= Nant Ffrwdwyllt =

Stream

Nant Ffrwdwyllt (sometimes known as Nant Cwm Farteg) is a stream that runs through Cwm Dyffryn, within the county borough of Neath Port Talbot, Wales, from the village of Bryn, through the village of Goytre and the district of Taibach in Port Talbot, to the sea. The stream was originally a tributary of the River Afan but was diverted in the 18th century into the ironworks at what was to become Port Talbot to provide a source of water. It now flows into Port Talbot Docks. Several streets are or have been named after it, notably the present-day Ffrwdwyllt Street in Taibach, where the stream runs close to St Theodore's Church and the Talbot Memorial Park.
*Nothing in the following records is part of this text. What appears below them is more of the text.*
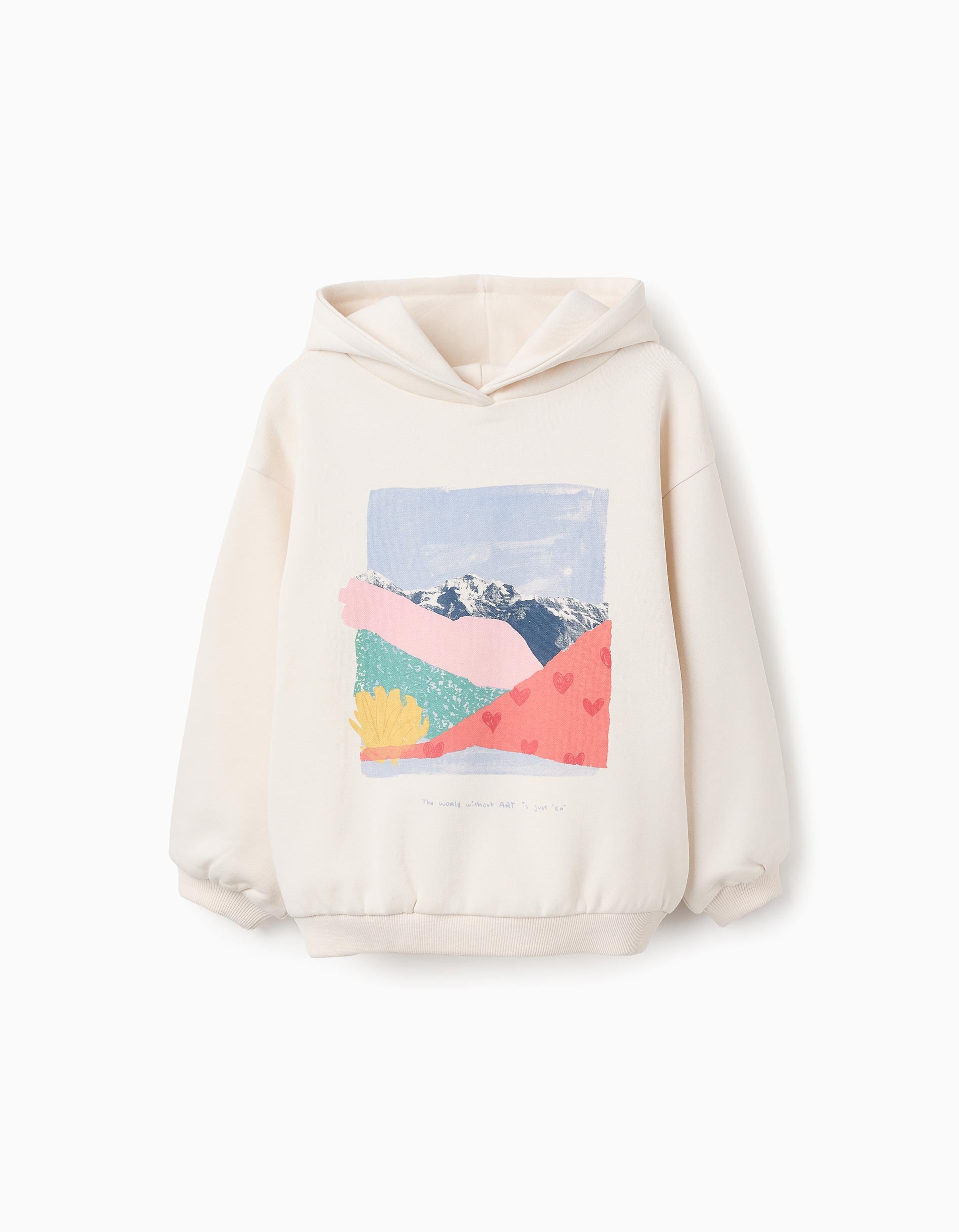 Hooded Sweatshirt for Girls 'Art', Beige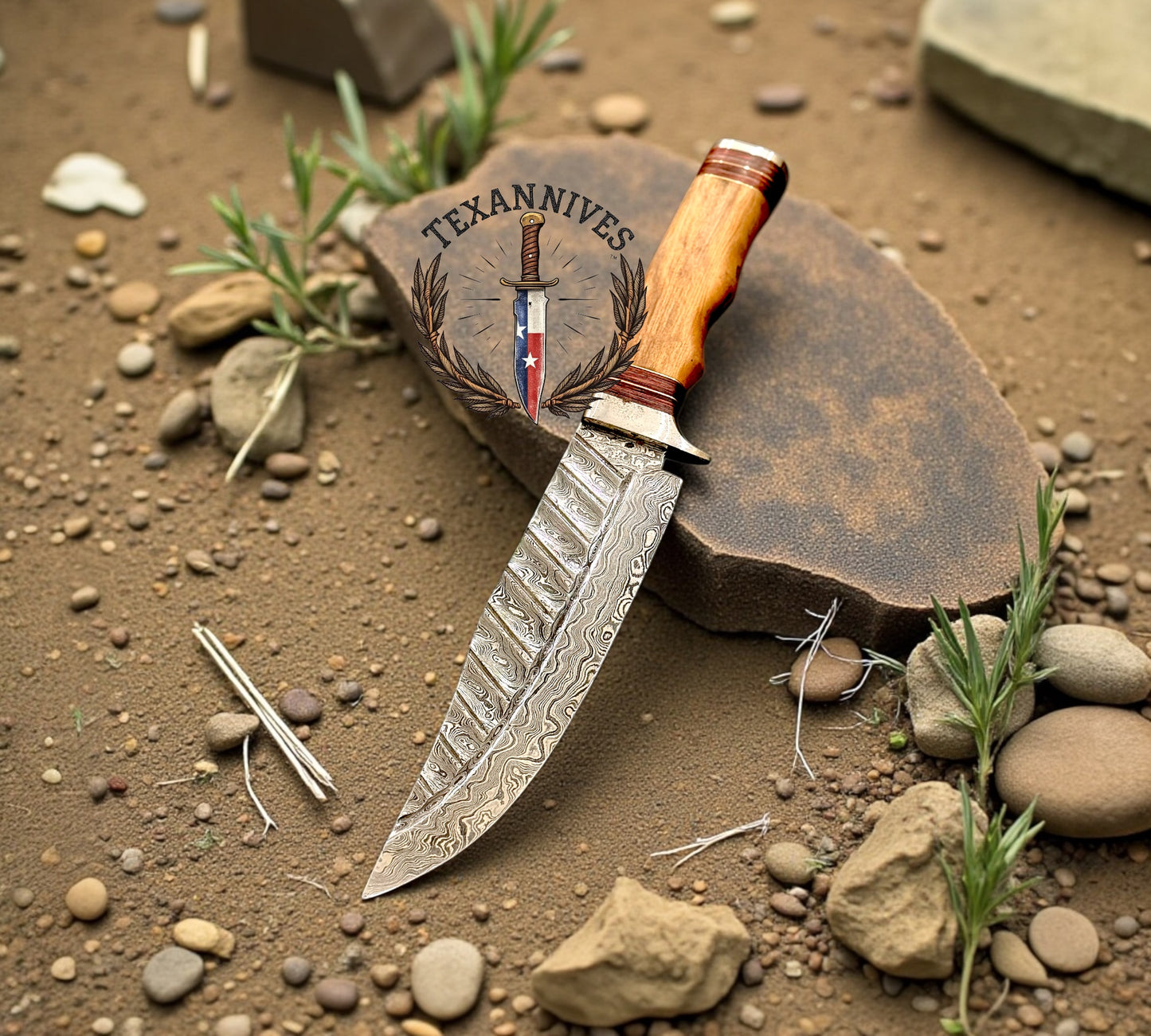 Classic Bowie Knife – 13" Damascus Steel Blade with Olive Wood Handle, Steel Guard & Leather Sheath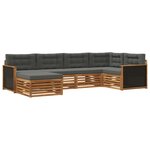 vidaXL Ensemble de canapés d'extérieur 6 pc Naturel et Anthracite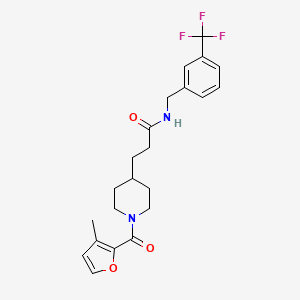 molecular formula C22H25F3N2O3 B4990789 3-[1-(3-methyl-2-furoyl)-4-piperidinyl]-N-[3-(trifluoromethyl)benzyl]propanamide 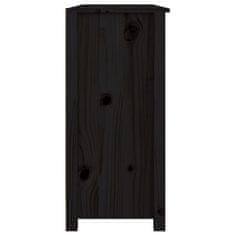 Vidaxl Komoda črna 100x35x74 cm trdna borovina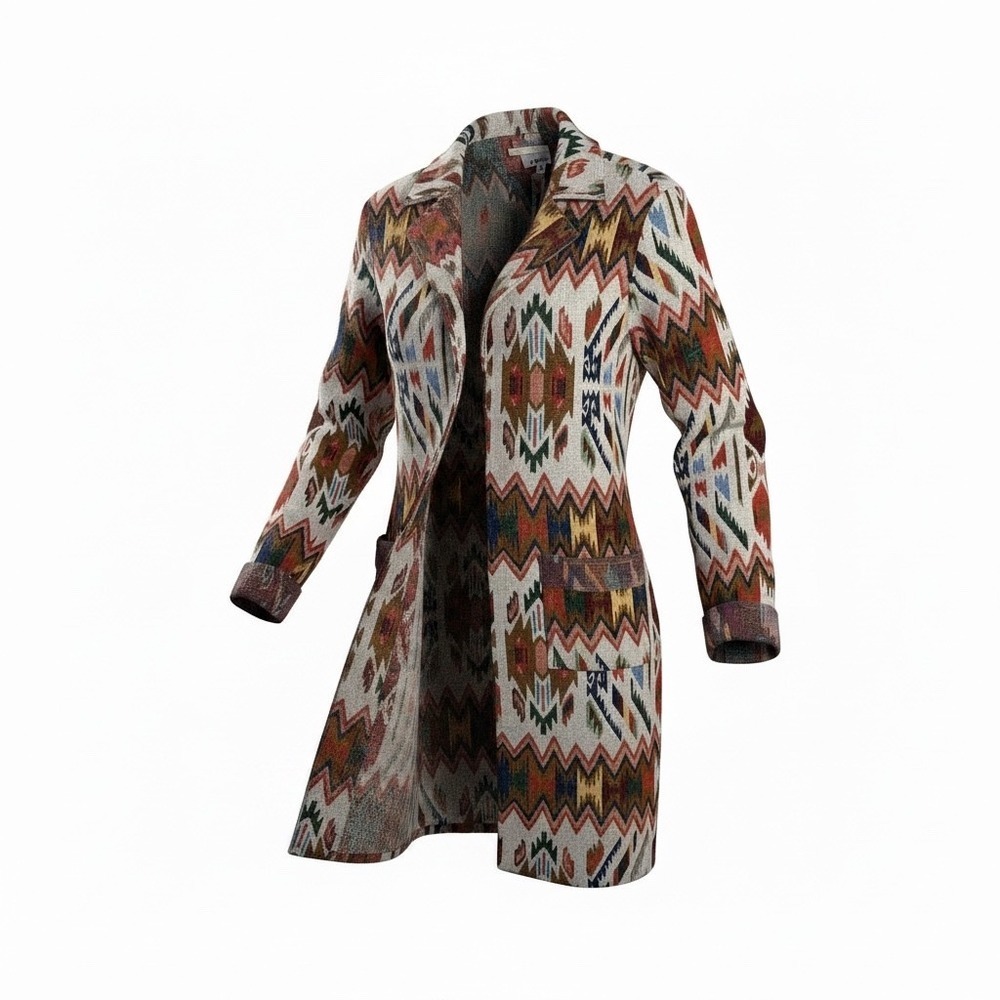 ADORE Coat Size Medium Multicolor Southwestern Tapestry Open Front Geometric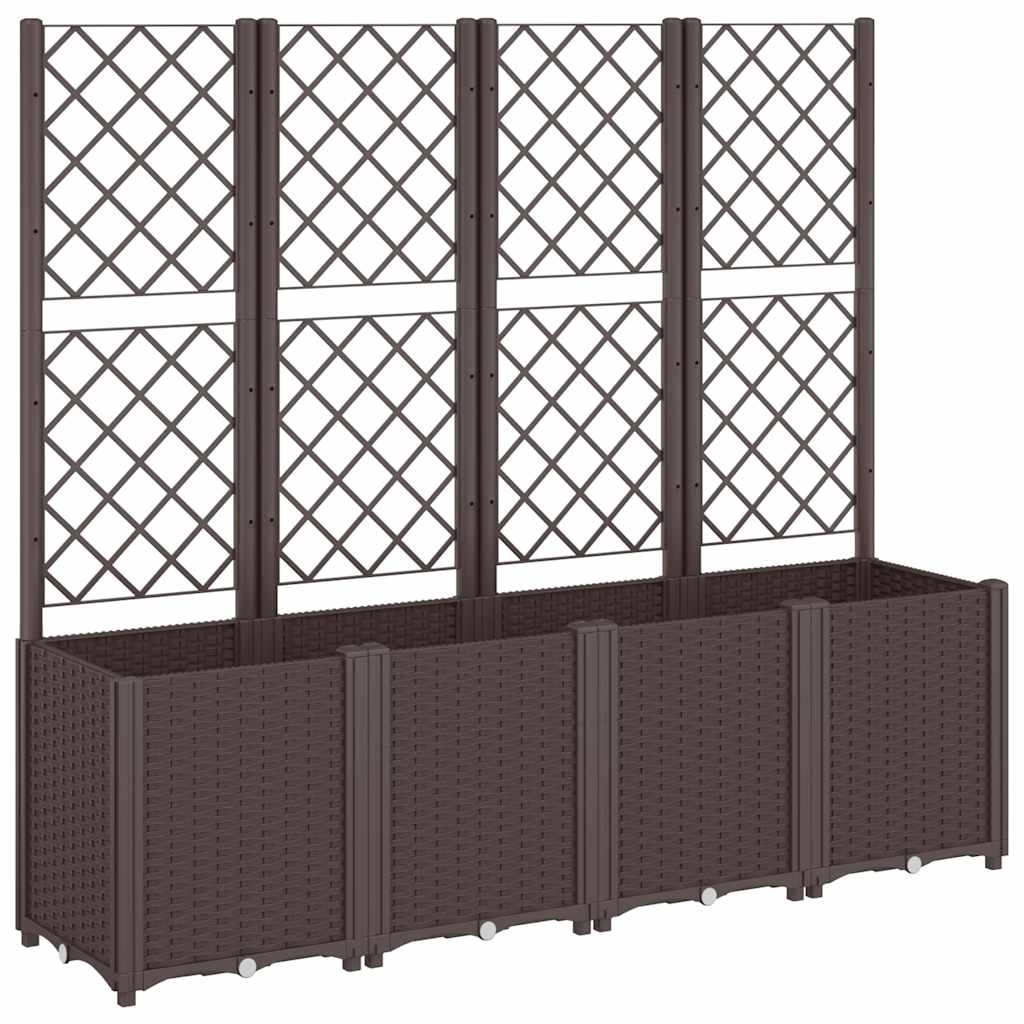 Vidaxx jardinière avec treillis 160x40x140 cm polypropylène marron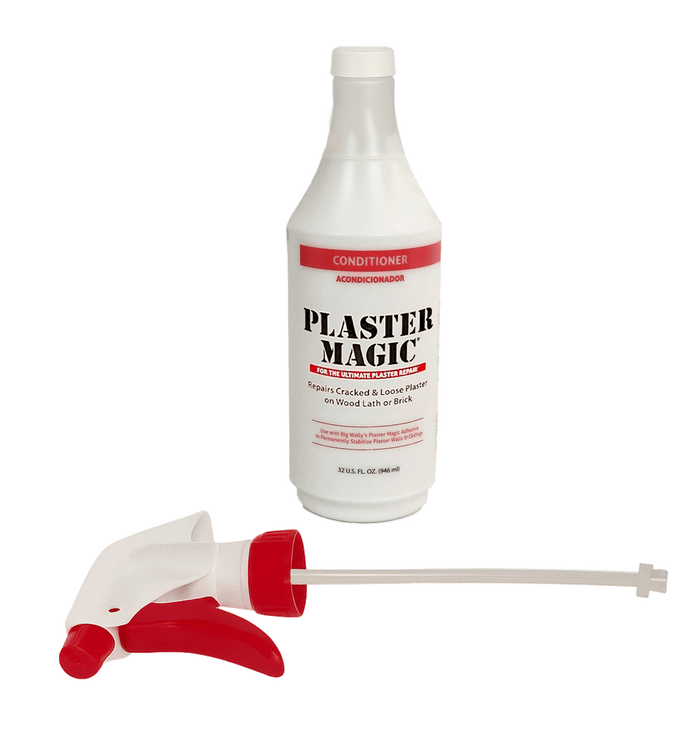 Plaster Magic conditioner bottle with applicator on a white background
The name of the stream is translated into English as "wild brook"; this is thought to be because of the way the stream suddenly grows after heavy rain. This effect is attributed to the fact that the stream is approximately 9 kilometres long and passes down steep hills which quickly channel the rain that comes from the Atlantic.

According to Cadw, a mill that once stood on the Ffrwdwyllt at Goytre was associated with the Grange of Hafod-y-porth, which belonged to the Cistercian monastery of Margam Abbey. Former coal levels in the valley have left industrial remains along the banks of the stream.